Ancora, oggi, ottocento anni dopo l’approvazione della Regola, ai francescani è chiesto di guardare al loro fondatore. E di essere ciò che il loro carisma vuole. Pur divisi in molteplici rivoli, pur calanti in molte province del mondo e numerosi in poche altre, è questa purezza originaria che debbono cercare.
Benedetto XVI, del resto, non può che volerli così: nelle strade, mendicanti nel mondo con in saccoccia soltanto la voglia di annunciare il Vangelo, di sbugiardare, come faceva Francesco, la menzogna del mondo. La voglia di dire «pane al pane, vino al vino»: «Cristo è la verità. Ogni altra via è falsa». La voglia di condannare le eresie, le false dottrine, per amore della verità. Come i domenicani dovrebbero scardinare il torpore che pervade accademie e università per insegnare dove stia la vera dottrina, così i francescani dovrebbero portare nelle strade l’allegria del cristianesimo, e cioè la gioia che scaturisce dalla certezza che Cristo è vero Dio e vero uomo. Francesco lo disse pure al feroce Saladino. Chissà chi, tra i francescani che vivono vicino ai musulmani, ha il coraggio di fare la medesima cosa.
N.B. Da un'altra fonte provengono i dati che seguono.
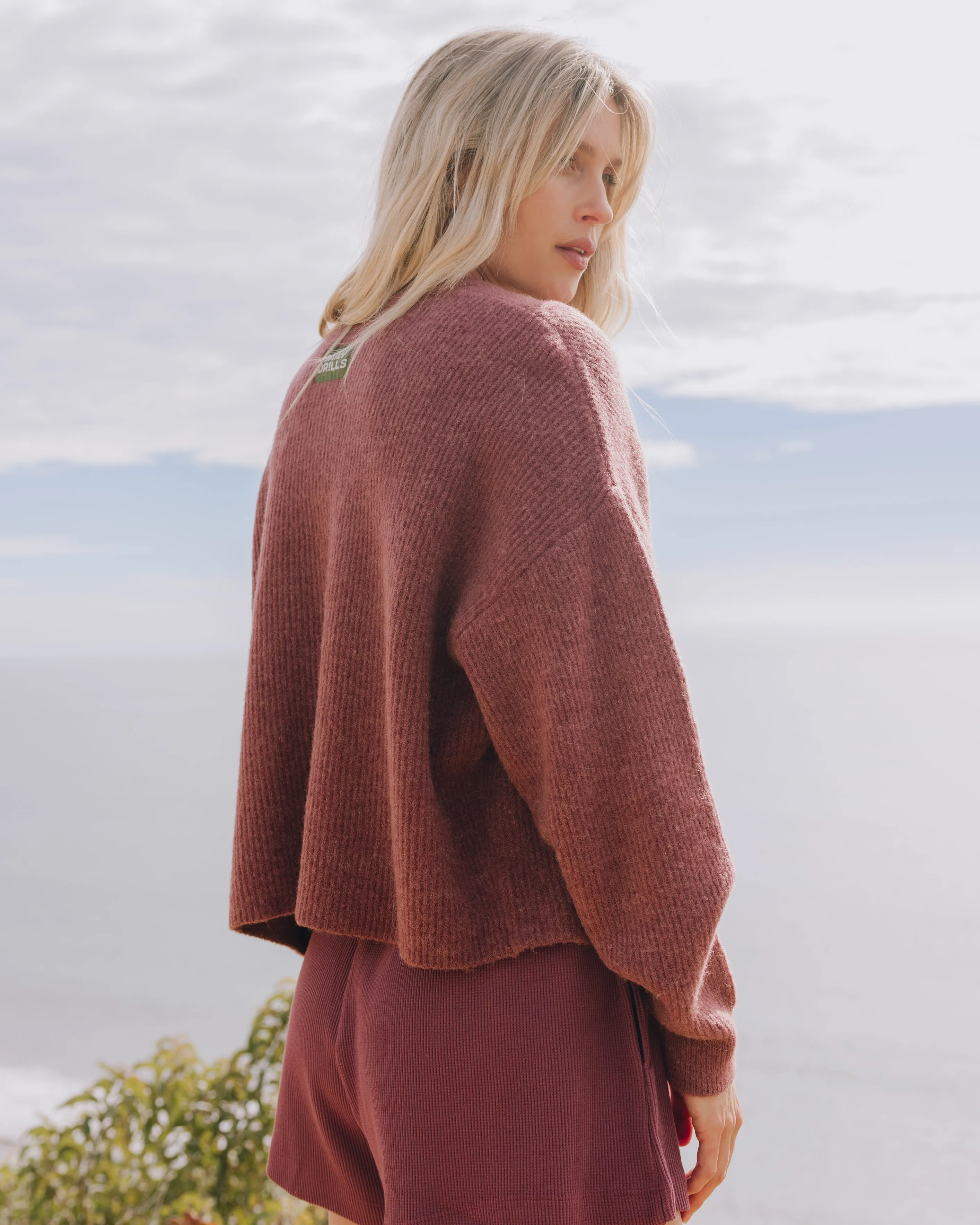 Single Button Long Sleeve Sweater - Wine sold by Daily Drills product image thumbnail 2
Guardare al fondatore significa anche scardinare la falsa lettura che della sua figura e del suo carisma è stata messa in opera nei secoli. Significa non sostituire l’annuncio della verità proprio del francescanesimo con un indistinto ecumenismo. San Francesco non è sinonimo di pacifismo, d’irenismo, di sincretismo o d’ecologismo. È altro. A Saladino chiese la conversione, prima che la mano. Ma certamente gli stessi francescani lo sanno. E sanno bene che qui sta il futuro del loro ordine: il dissolvimento o la rinascita. Nell’essere “truppe”, “milizie” che, in obbedienza al Papa, portano nel mondo la verità.
Del resto lo disse benissimo Benedetto XVI nel 2006, quando per due volte tornò sulla figura di san Francesco proponendo, di fatto, una nuova ermeneutica del santo. Lo fece il 31 agosto, parlando ai preti della diocesi di Albano. E il 4 settembre inviando un messaggio al vescovo di Assisi, Domenico Sorrentino, in occasione dell’ottavo centenario della conversione di Francesco. Ai preti di Albano il Papa ha detto che Francesco non «era un ambientalista o un pacifista. Era soprattutto un uomo convertito». Dire che era un ambientalista o un pacifista è «un abuso». Mentre, sempre di Francesco, nel messaggio al vescovo di Assisi il Papa aveva parlato così: «La testimonianza che egli rese nel suo tempo ne fa un naturale punto di riferimento per quanti anche oggi coltivano l’ideale della pace, del rispetto della natura, del dialogo tra le persone, tra le religioni e le culture. È tuttavia importante ricordare, se non si vuole tradire il suo messaggio, che fu la scelta radicale di Cristo a fornirgli la chiave di comprensione della fraternità a cui tutti gli uomini sono chiamati, e a cui anche le creature inanimate - da “fratello sole” a “sorella luna” - in qualche modo partecipano».